Sua mãe era mulher de elegância ímpar. Altiva e nobre, apresentava virtudes muito acima de seu tempo, que impressionariam até hoje, como uma imperturbável serenidade e uma capacidade de julgar friamente diante de situações as mais desesperadoras, fazendo-se sempre a voz final, em tempos de crise. Precisamos, por exemplo, certa feita, debelar, de última hora, uma sublevação de grandes proporções, durante uma seca mais prolongada. Foi ela o fio de prumo que nos manteve dentro da lógica e do bom senso, quando todos estávamos – para simplificar – histéricos, inclusive os integrantes do conselho de anciães, transtornados pelo receio de sermos linchados por populares iracundos. Hoje, é grande espírito de luz, alcandorada com as virtudes acumuladas em quarenta e cinco séculos passados, mas já constituía, por aqueles dias, indubitavelmente, nosso extraordinário farol de lucidez e sabedoria. Mais tarde, em Grécia Antiga, reencontrar-nos-íamos (eu e muitos de meus companheiros daquela reencarnação longínqua) com a notável mentora, que retornaria na condição de Aspásia de Mileto, a grande filósofa, esposa de Péricles, o que deu o nome ao século V antes de Cristo.

Traz-me aqui, hoje, o desejo de apresentar o relato de um homem que viveu, no plano físico, durante o milénio terceiro antes de Cristo, e que acompanhou os progressos da humanidade, pari passu, de lá para cá. Posso dizer, de sã consciência, embora eu próprio estivesse, por aqueles anos de primitivismo, mergulhado no mesmo padrão de violência e paixões desgovernadas da maioria dos componentes da elite social (quanto das massas populares), que já havia beleza e graça entre raros partícipes de nossa espécie humana, conquanto não tivessem muito como manifestar seu gosto refinado. Nossa “rainha-mãe”, se é que assim podemos dizer, era lídima representante deste grupo seletíssimo, uma alma solitária e generosa, em meio a alimárias sobre dois pés. Seu filho, entretanto, por mais estranho  que possa soar esta assertiva à primeira vista, era mais necessário àqueles dias que ela, pois que, enquanto a sabedoria da mãe do governador agia para acalmar os ânimos em tempos de turbilhão inextricável, para que todos pudessem pensar corretamente, ele era o motor de paixões e vontades que fazia aquele sistema social funcionar, com punho de ferro – a única forma de governar que seria possível num mundo primitivo. Graças a atitudes enérgicas de governantes despóticos da Antigüidade como ele, e que hoje seriam consideradas genocidas – como a execução sistemática de todos que se sublevassem contra a ordem instituída –, é que se foram, lentamente, estabelecendo parâmetros elementares de organização sócio-política e o espírito de respeito à lei, indispensáveis à vida em sociedade.

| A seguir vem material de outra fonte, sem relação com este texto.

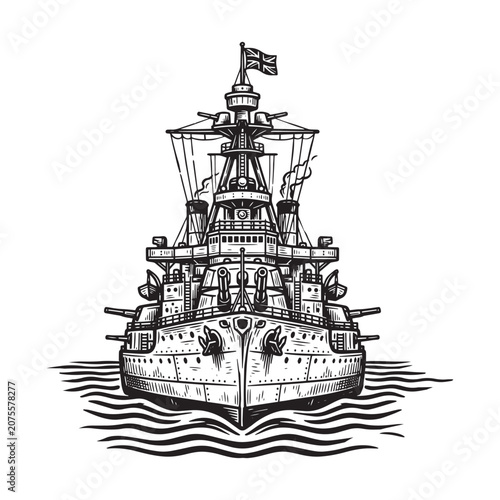 Detailed vintage black and white sketch drawing of a big battleship vector illustration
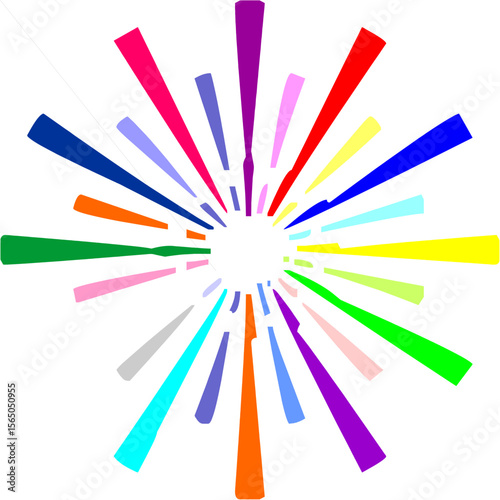 Dynamic bursts of vibrant hues radiate outward from a central point, creating a captivating explosion of rainbow colors.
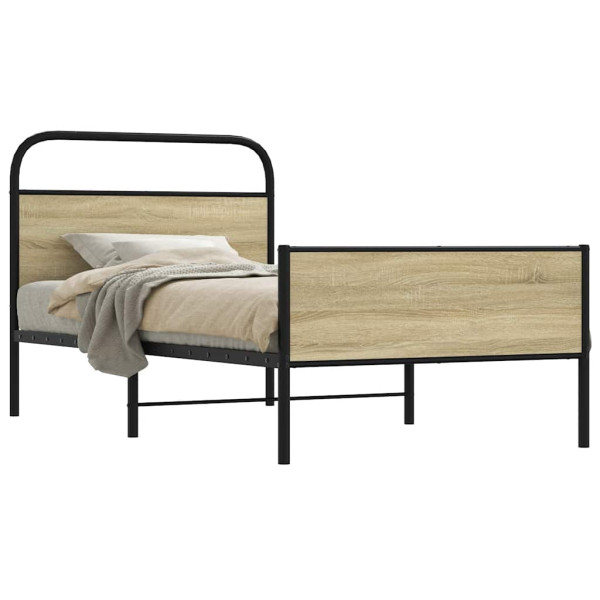 Estructura de cama sin colchón 90x200 cm madera roble Sonoma Estructura de cama sin colchón 90x200 cm madera roble Sonoma D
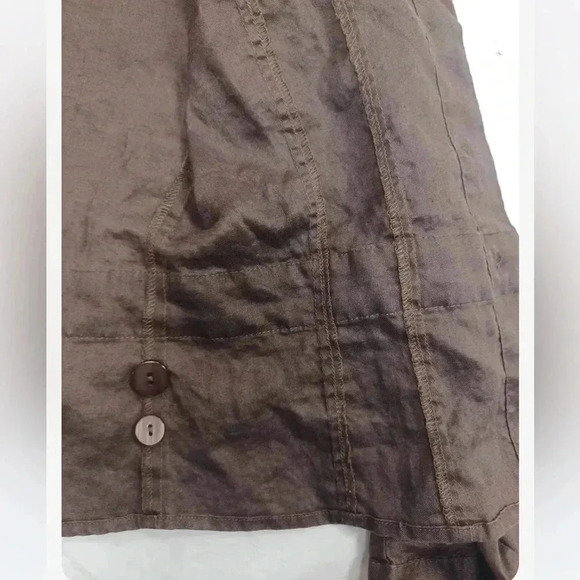 Laura 100% Linen Brown Button Down Long  Sleeve Jacket Size Small - Picture 6 of 7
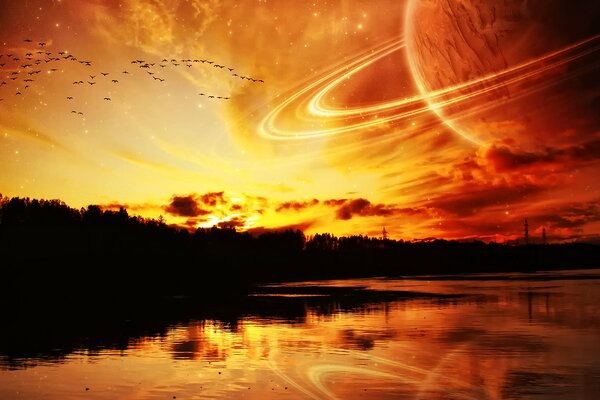 The planet is reflected in the water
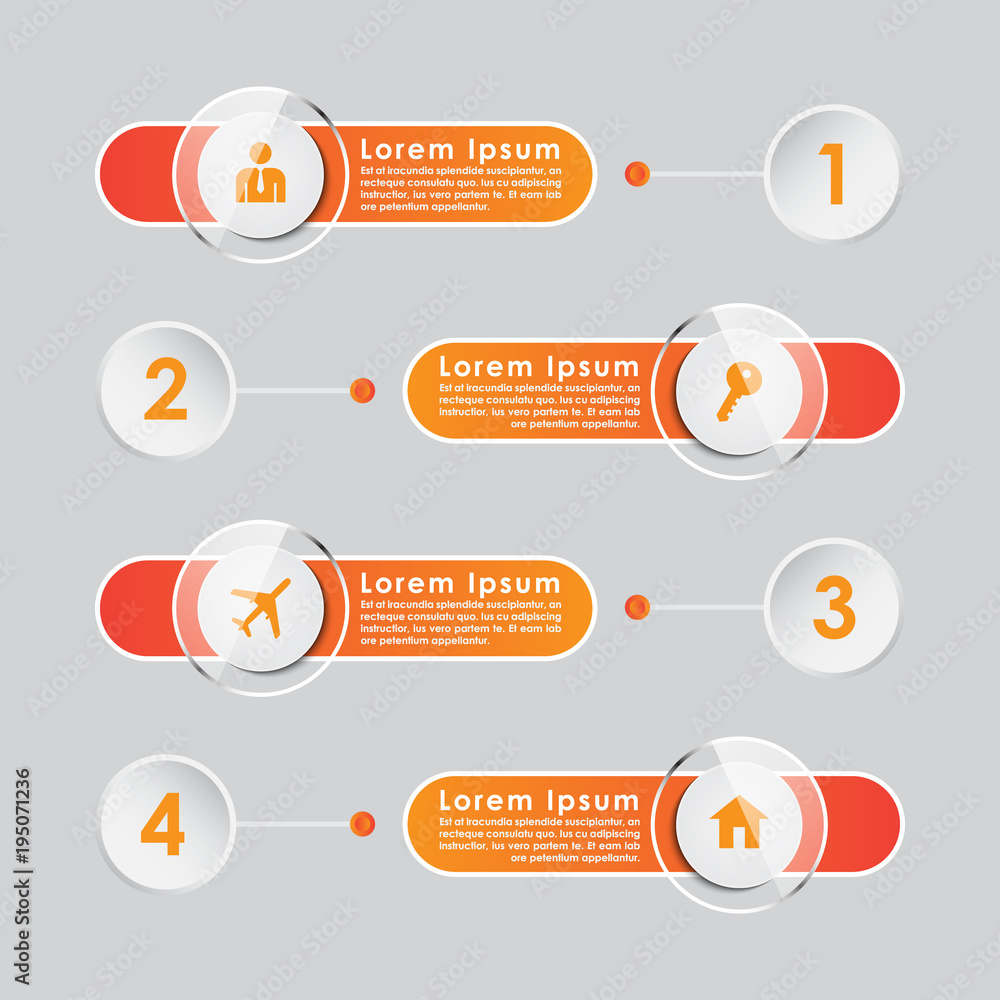 Poster four step infographic chart or diagram in red and orange colors isolated on gray background. businec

Nosso governador está de volta, em trabalho bem diferente que o daqueles dias, e sua mãe, à distância, acompanha-o. Tempos bastante mudados, necessidades diversas, modos igualmente distintos de agir…

Quatro mil e quinhentos anos depois, contudo, continuamos admirados da grande sabedoria, cada vez mais luminífera, da Grande Mãe Sol, que nos inspira e acalenta as almas… sempre…


(Texto psicografado em 31 de dezembro de 2006. Revisão de Delano Mothé.)


(*) Para não gerarmos especulações indevidas, esclareço, antecipadamente, que, por declaração do próprio autor espiritual deste artigo, tive ciência da identidade do tal “tirano” reencarnado, e posso afiançar não se tratar de nenhuma personalidade política da atualidade.